Aug. 23 (Bloomberg) -- Housing led the U.S. out of seven of the last eight recessions. This time, it may kill the recovery.

Home sales collapsed after a federal tax credit for buyers expired in April. Since then, the manufacturing-led expansion, which began in the second half of 2009, has been waning, with jobless claims rising and factory orders falling.

“If foreclosures continue to mount and depress home prices, that could send the economy back into a recession,” said Celia Chen, an economist who tracks the industry for Moody’s Analytics Inc. “The housing market and the broader economy are closely intertwined.”

Spending on home construction and items such as furniture and stoves accounted for about 15 percent of gross domestic product in the second quarter, according to West Chester, Pennsylvania-based Moody’s Analytics. Real estate also can influence consumer spending indirectly. When values soared in the mid-2000s, people used the boost in equity to pay for cars and vacations. After prices fell, homeowners lost that cushion and curbed spending.

A report tomorrow by the Chicago-based National Association of Realtors will show July sales of existing homes plummeted 12.9 percent from June, the biggest monthly loss of 2010, according to the median estimate of economists surveyed by Bloomberg.

New-home sales, which account for less than a 10th of housing transactions, stayed at the second-lowest level on record last month, economists predict Commerce Department data will show on Aug. 25.

Housing in ‘Doldrums’

“Housing continues to be stuck in the doldrums,” said Jeffrey Frankel, a member of the business-cycle dating committee at the National Bureau of Economic Research, the arbiter of when U.S. recessions begin and end, and a professor at Harvard University in Cambridge, Massachusetts.

With 14.6 million Americans out of work, homeowners are struggling to hold onto their properties. One in seven mortgages were delinquent or in foreclosure during the first quarter, the highest in records dating to 1979, according to the Washington- based Mortgage Bankers Association. Foreclosures probably will top 1 million this year, said RealtyTrac Inc., an Irvine, California-based data company.

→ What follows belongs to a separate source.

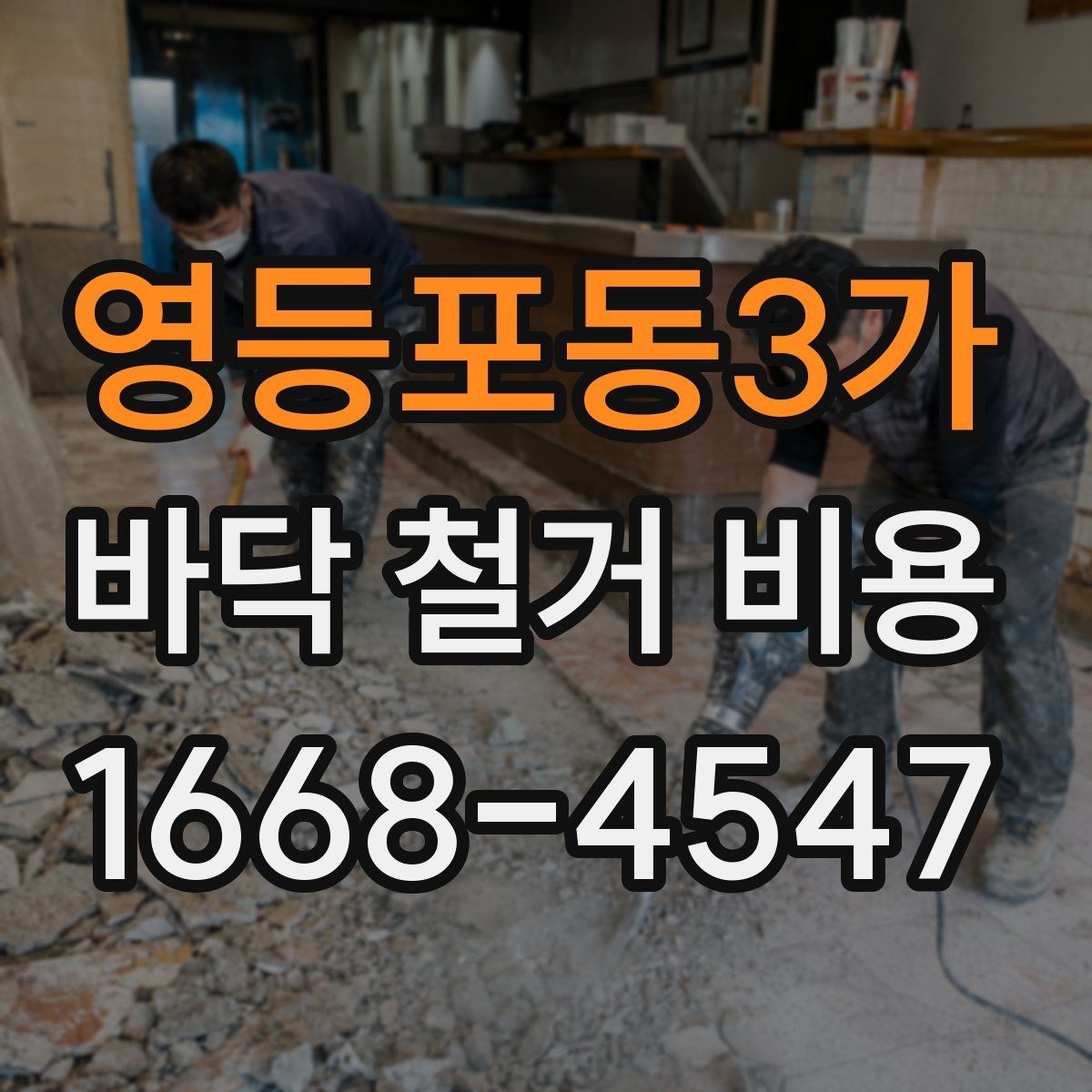 영등포동3가 바닥 철거 비용 상담 시 자주 묻는 내용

Federal efforts to help have had little success. Of 1.31 million loan modifications started under the Obama administration’s Home Affordable Modification Program, 48 percent were canceled by the end of July, the Treasury Department said Aug. 20. More than half of all modifications defaulted again within 12 months, the Office of the Comptroller of the Currency said June 23.

Excess Supply

Shadow inventory, or the number of homes repossessed or in default that eventually will be offered for sale, stood at 7.3 million in the first quarter, according to Laurie Goodman, an analyst in New York at mortgage-bond broker Amherst Securities Group LP. As those properties hit the market, prices will come under pressure and buyers will wait for better deals.

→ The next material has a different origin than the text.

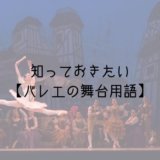 バレエの舞台用語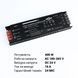 Блок живлення Biom Professional 400W 24V 16.6A IP20 (BPX-24-400) BPX-24-400 фото 3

“The only thing that’s going to fix the housing markets right now is a work-through of what excess supply is on the markets and improvement in unemployment,” Guy Lebas, chief fixed-income strategist at Janney Montgomery Scott LLC in Philadelphia, said today in an interview on Bloomberg Television’s “In the Loop with Betty Liu.” “That process is a very, very long-term process.”

On the Sidelines

The sidelined house hunters include Marion and Jim Lasswell, who said they spend most weekends looking at homes for sale near Raleigh, North Carolina. His engineering job at iRobot Corp. is secure, the couple’s credit is good and they have saved enough for a 20 percent down payment, Marion Lasswell said. The problem: they don’t think the market has hit bottom.

“We’re still watching prices drop,” Lasswell, 38, a registered nurse, said in a telephone interview. She said they won’t buy “until there’s an awesome deal.”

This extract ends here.